[DATA PROVIDED Boundary: Start]

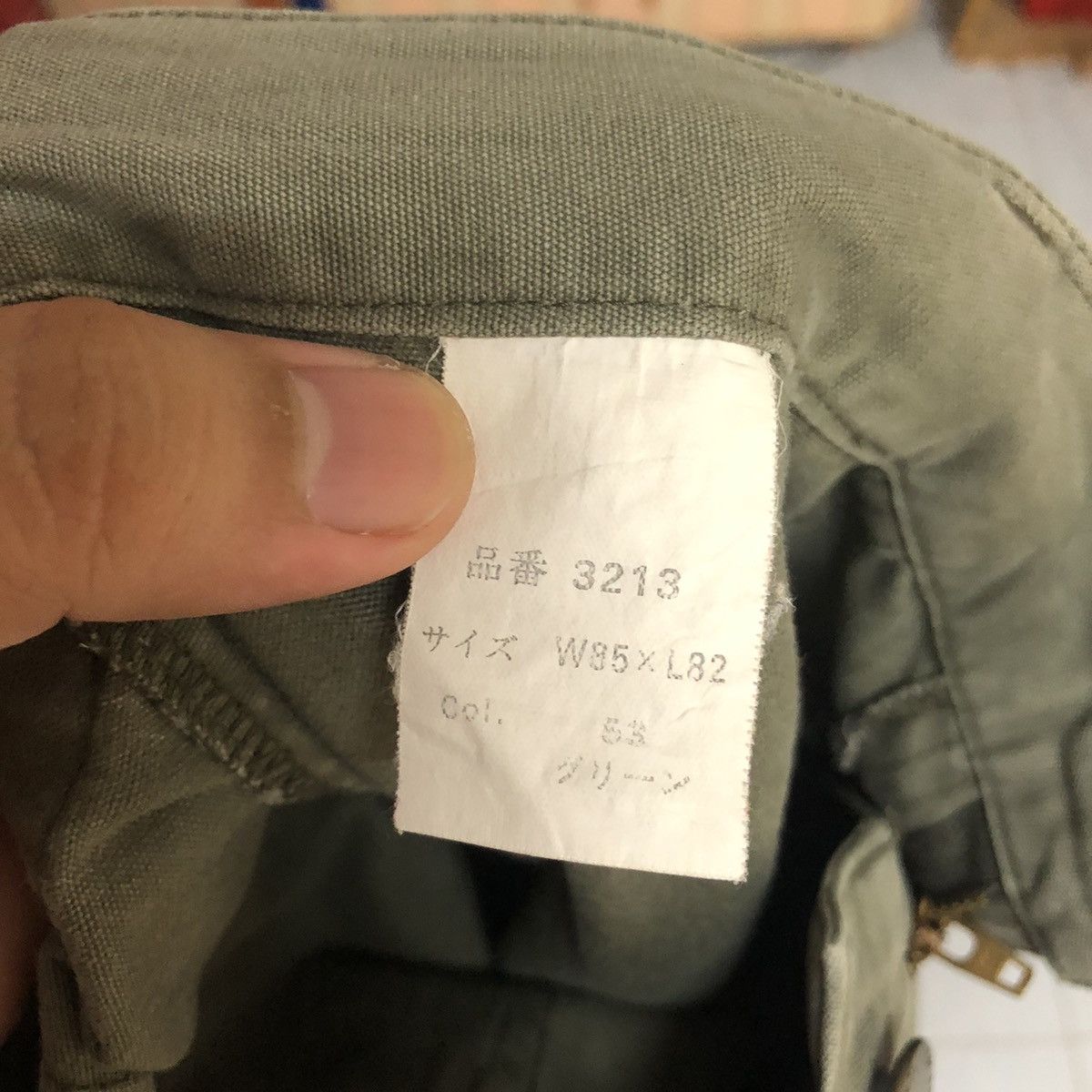 Japanese Brand DL Top Jaunty Green Cargo Multipocket Pants #C757 Size US 32 / EU 48 - 19 Thumbnail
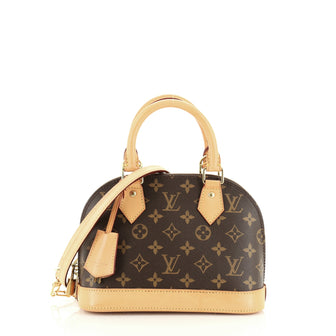 Louis Vuitton Alma Handbag Monogram Canvas BB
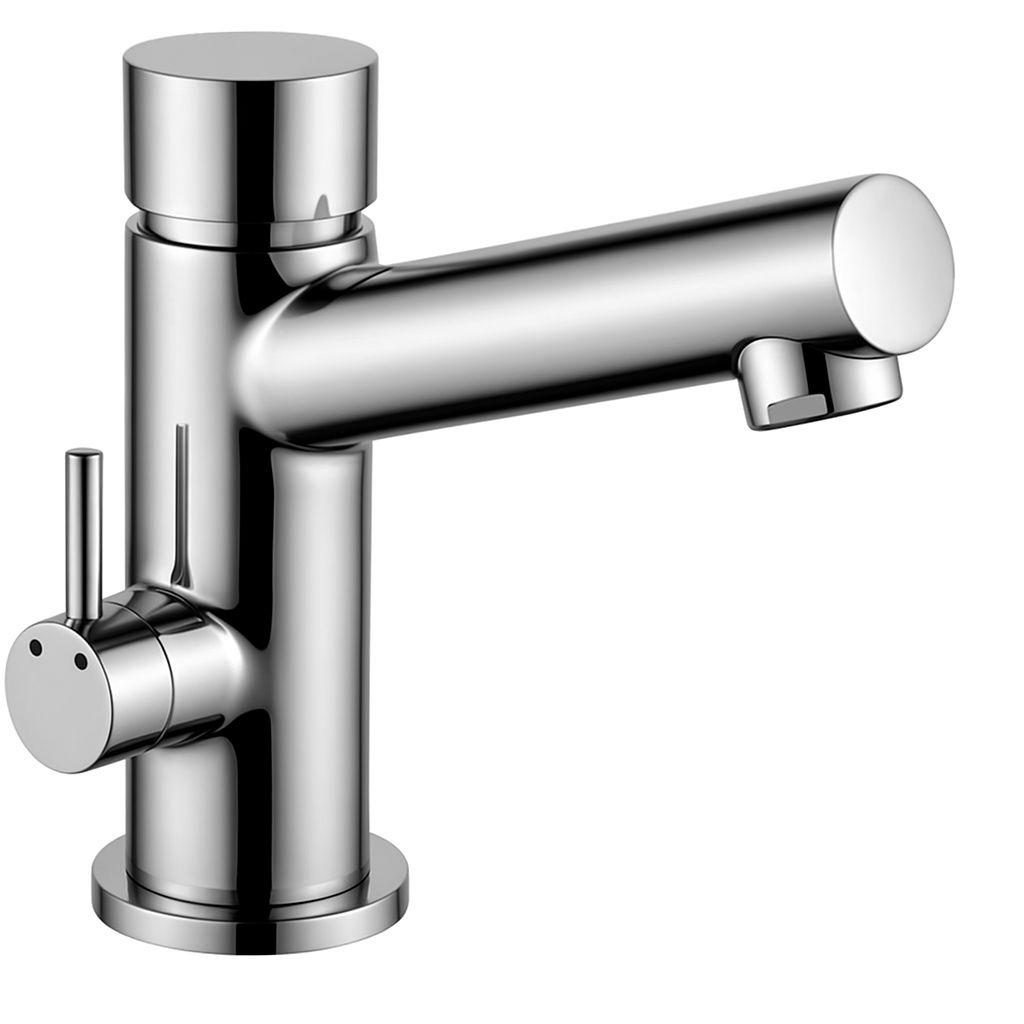 foto del prodotto miscelatore temporizzato a pulsante acqua calda fredda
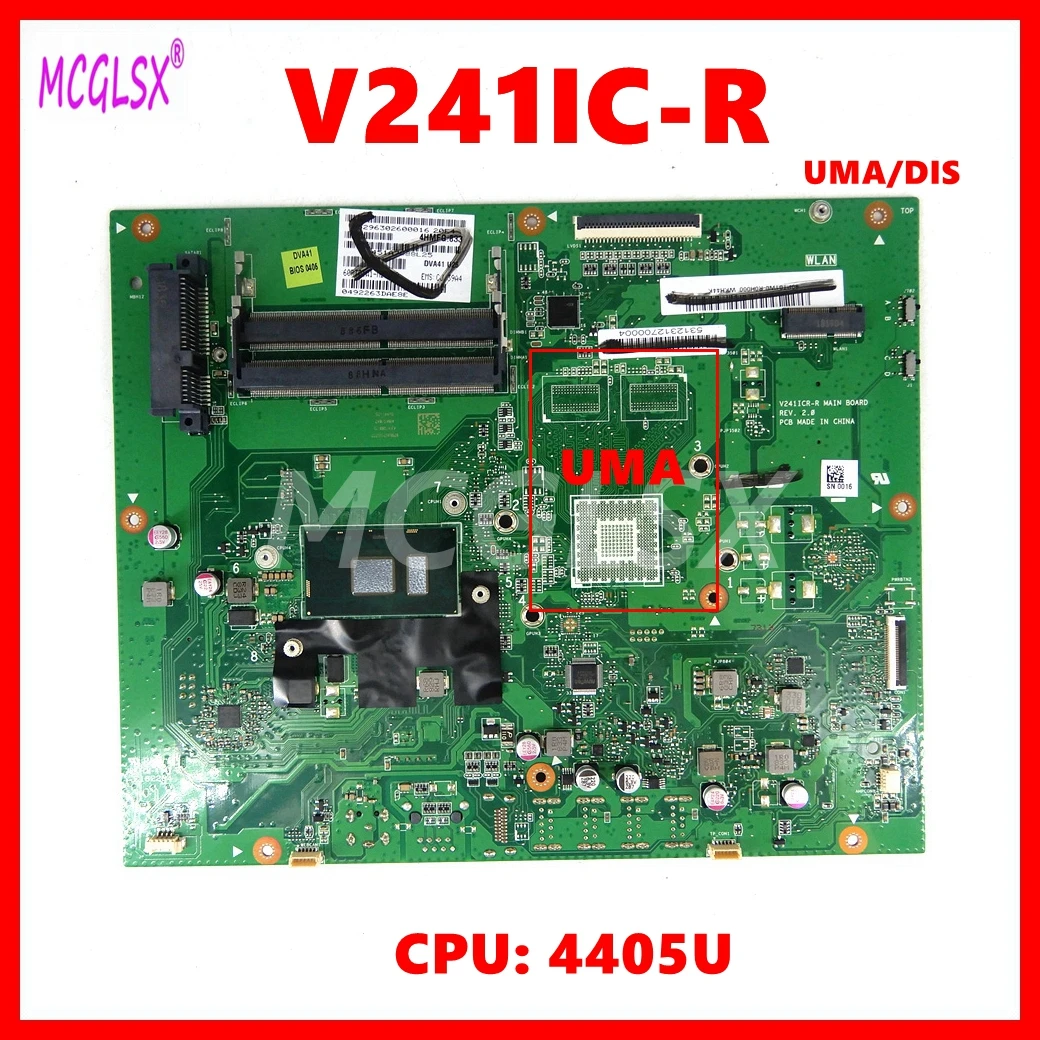 V241IC-R Motherboard For ASUS V241ICR V241IC-R Mainboard With 4405U CPU UMA or 930MX-V2G GPU 100% Tested OK
V241IC-R Motherboard For ASUS V241ICR V241IC-R Mainboard With 4405U CPU UMA or 930MX-V2G GPU 100% Tested OK
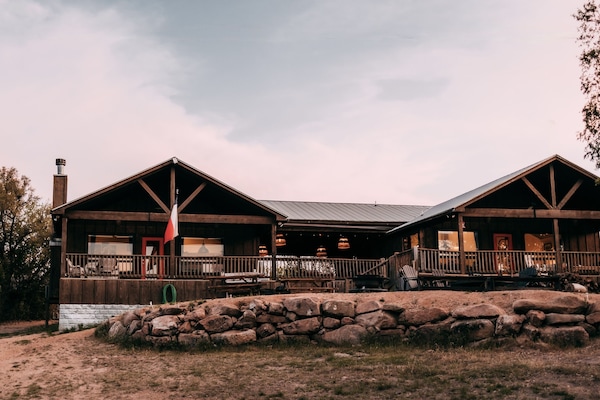 Picture of Cabin C + D facing the river taken by a previous guest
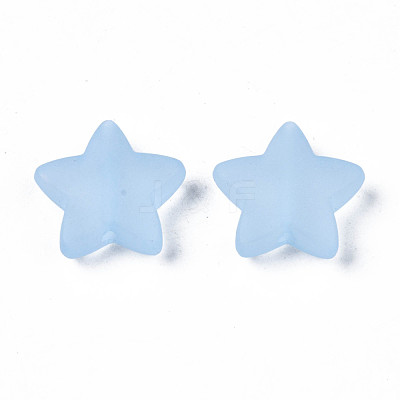 Transparent Frosted Acrylic  Beads FACR-N002-01A-1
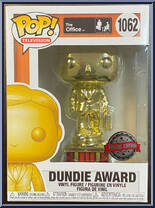 Dundie Award (Gold Chrome) from Office - Pop! Vinyl Figures manufactured by Funko [Front]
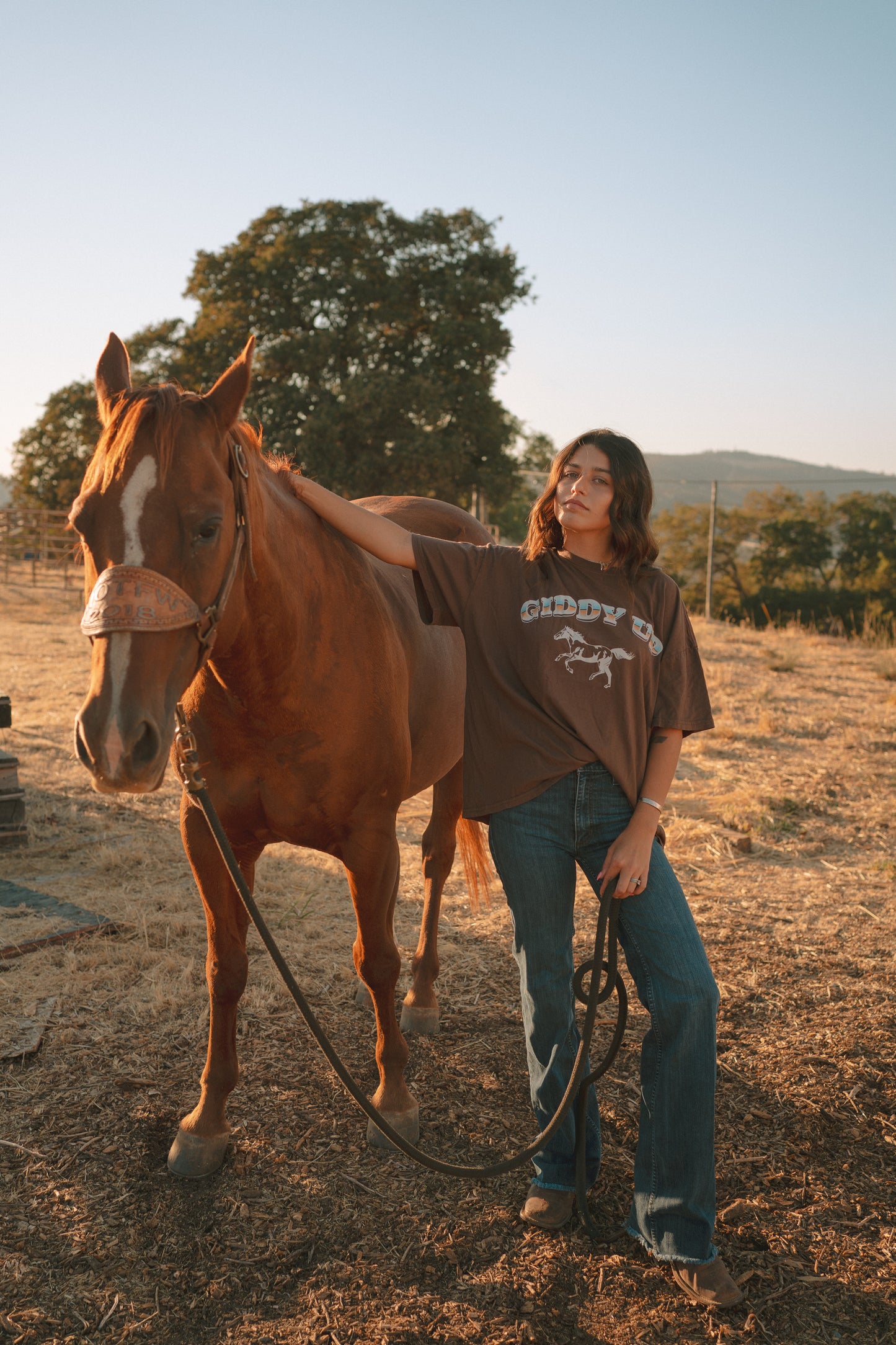 Giddy Up Boyfriend Tee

[DATA PROVIDED Boundary: End]

INSTRUCTIONS FOR THE TASK:
Each line from the one holding "Louis Vuitton Alma" through the last line of the records above must be duplicated exactly, and pictures must not be.

RESPONSE FOR THIS EXERCISE:
 Louis Vuitton Alma Handbag Monogram Canvas BB
 foto del prodotto miscelatore temporizzato a pulsante acqua calda fredda
 V241IC-R Motherboard For ASUS V241ICR V241IC-R Mainboard With 4405U CPU UMA or 930MX-V2G GPU 100% Tested OK
V241IC-R Motherboard For ASUS V241ICR V241IC-R Mainboard With 4405U CPU UMA or 930MX-V2G GPU 100% Tested OK
 Picture of Cabin C + D facing the river taken by a previous guest
 Transparent Frosted Acrylic  Beads FACR-N002-01A-1
 Dundie Award (Gold Chrome) from Office - Pop! Vinyl Figures manufactured by Funko [Front]
 Giddy Up Boyfriend Tee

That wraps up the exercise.